Sólo mi madre no gozaba del beneficio de aquella renovación. Especialmente porque yo la sentía hostil al sueño -que creía loco- que se formaba poco a poco en mí. Yo le reprochaba que no se deslumbrara.

¿No ves lo que esa gente busca en ti? -repetía ella sin sospechar que arriesgaba así la destrucción de mi inmensa alegría por haber gustado al fin a una muchacha.

Existía una joven en el mundo a quien yo gustaba y que tal vez deseara casarse conmigo. Yo lo creía, a pesar de la desconfianza de mi madre; porque vosotros erais demasiado grandes, demasiado poderosos, para sacar cualquier ventaja de nuestra alianza. Esto no impidió que yo alimentase un rencor casi odioso contra mi madre, que ponía en tela de juicio mi felicidad.

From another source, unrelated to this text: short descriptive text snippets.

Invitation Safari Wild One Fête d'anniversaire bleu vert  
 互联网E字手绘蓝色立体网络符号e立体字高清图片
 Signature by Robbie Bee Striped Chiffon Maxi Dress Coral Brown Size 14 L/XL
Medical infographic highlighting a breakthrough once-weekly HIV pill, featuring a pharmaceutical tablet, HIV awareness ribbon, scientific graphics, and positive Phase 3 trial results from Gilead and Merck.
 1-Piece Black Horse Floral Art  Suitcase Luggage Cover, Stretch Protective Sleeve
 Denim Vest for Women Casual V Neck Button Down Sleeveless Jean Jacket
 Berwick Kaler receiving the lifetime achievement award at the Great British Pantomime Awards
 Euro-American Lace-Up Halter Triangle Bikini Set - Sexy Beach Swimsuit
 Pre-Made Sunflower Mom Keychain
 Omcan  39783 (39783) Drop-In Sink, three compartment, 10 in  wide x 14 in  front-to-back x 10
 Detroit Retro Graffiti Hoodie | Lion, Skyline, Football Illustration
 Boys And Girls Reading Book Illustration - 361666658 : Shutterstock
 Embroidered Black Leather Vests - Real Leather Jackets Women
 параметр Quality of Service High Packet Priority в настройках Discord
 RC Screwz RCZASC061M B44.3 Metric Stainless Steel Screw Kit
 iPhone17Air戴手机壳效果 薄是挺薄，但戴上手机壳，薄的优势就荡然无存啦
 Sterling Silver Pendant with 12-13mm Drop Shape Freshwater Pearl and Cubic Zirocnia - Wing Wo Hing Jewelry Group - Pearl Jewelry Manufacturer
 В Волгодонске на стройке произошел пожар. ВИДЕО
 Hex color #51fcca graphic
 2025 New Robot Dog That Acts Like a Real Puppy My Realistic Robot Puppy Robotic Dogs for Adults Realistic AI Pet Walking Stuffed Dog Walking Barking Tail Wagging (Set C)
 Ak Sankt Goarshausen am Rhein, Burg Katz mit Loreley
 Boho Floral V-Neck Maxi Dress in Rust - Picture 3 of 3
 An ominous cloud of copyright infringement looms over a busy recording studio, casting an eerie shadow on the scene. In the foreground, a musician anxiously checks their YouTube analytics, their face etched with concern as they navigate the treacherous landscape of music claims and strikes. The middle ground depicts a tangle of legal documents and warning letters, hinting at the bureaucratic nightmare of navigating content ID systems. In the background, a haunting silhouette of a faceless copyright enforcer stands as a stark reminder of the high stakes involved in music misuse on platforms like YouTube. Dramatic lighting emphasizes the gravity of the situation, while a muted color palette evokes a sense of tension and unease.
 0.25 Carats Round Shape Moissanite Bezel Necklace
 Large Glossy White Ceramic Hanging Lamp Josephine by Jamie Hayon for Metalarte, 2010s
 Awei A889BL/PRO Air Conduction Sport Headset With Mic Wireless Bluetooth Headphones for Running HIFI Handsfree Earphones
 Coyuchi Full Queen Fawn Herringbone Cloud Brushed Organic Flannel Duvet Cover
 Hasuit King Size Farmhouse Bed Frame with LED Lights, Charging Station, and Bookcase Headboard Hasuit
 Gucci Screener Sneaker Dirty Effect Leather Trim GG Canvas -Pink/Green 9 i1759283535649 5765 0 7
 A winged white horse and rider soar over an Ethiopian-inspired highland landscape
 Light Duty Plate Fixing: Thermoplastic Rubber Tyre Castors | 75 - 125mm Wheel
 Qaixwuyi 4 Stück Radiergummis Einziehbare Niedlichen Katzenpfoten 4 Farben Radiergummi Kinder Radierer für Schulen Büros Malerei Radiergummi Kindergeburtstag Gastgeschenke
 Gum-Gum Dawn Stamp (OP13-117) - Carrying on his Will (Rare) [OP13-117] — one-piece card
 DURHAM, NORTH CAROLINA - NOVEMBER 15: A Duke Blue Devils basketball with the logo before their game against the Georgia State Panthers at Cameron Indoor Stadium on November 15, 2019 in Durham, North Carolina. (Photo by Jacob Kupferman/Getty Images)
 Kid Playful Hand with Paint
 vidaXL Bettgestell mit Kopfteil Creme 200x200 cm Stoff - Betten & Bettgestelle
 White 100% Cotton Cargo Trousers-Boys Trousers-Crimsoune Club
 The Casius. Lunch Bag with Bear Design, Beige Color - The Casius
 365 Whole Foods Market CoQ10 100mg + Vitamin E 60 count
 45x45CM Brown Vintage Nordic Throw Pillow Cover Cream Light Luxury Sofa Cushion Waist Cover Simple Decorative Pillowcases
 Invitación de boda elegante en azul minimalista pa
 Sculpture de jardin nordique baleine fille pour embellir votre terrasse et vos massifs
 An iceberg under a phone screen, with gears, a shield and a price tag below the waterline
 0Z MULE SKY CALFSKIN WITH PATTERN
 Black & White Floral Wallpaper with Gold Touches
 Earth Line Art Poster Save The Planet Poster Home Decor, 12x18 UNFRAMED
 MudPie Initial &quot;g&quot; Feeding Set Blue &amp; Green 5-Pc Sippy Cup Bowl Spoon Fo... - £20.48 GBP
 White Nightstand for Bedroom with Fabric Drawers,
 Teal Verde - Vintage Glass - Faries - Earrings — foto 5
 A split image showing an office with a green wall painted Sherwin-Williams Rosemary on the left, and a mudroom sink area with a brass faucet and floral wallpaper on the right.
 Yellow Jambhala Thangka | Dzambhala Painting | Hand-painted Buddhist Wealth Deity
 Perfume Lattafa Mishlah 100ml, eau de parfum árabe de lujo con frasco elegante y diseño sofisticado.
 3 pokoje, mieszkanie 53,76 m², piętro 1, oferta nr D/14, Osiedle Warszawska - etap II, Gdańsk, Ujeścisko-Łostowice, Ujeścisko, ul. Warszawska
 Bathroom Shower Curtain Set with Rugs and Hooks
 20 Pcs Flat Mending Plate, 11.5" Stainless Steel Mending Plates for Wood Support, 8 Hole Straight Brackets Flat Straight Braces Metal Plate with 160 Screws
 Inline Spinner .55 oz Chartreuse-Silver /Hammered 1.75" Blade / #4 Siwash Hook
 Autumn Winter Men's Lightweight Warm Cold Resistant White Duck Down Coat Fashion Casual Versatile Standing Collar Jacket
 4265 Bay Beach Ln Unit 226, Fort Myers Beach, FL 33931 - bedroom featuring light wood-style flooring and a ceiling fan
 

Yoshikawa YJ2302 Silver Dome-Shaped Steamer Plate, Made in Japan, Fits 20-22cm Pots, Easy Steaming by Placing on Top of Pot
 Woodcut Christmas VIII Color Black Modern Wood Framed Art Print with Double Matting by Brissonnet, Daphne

Ella no dejaba de tomar informes, usando de referencias de los principales establecimientos bancarios. Triunfé el día en que se vio obligada a reconocer que la casa Fondaudége, a pesar de algunos entorpecimientos pasajeros, gozaba del mayor crédito.

Ganan el dinero que quieren, pero su tren de vida es demasiado costoso -decía mamá-. Todo se va en caballerizas y libreas. Prefieren deslumbrar aunque no ahorren nada.

Los informes de los bancos concluyeron por asegurarme en mi felicidad. Yo poseía la prueba de vuestro desinterés: los tuyos me sonreían porque yo les gustaba. Y, de pronto, me pareció natural gustar a todo el mundo. Por las noches me dejaban solo contigo, paseando por las avenidas del Casino. ¡Cuan extraño es que en esos principios de la vida donde se nos concede un poco de felicidad, ninguna voz nos advierta: "Por muchos años que vivas, no tendrás otra alegría en el mundo que la de aquellas horas. Saboréalas hasta las heces, porque después de esto no quedará nada para ti. Esta primera fuente que has hallado es también la última. Calma tú sed de una vez para siempre; no beberás nunca más".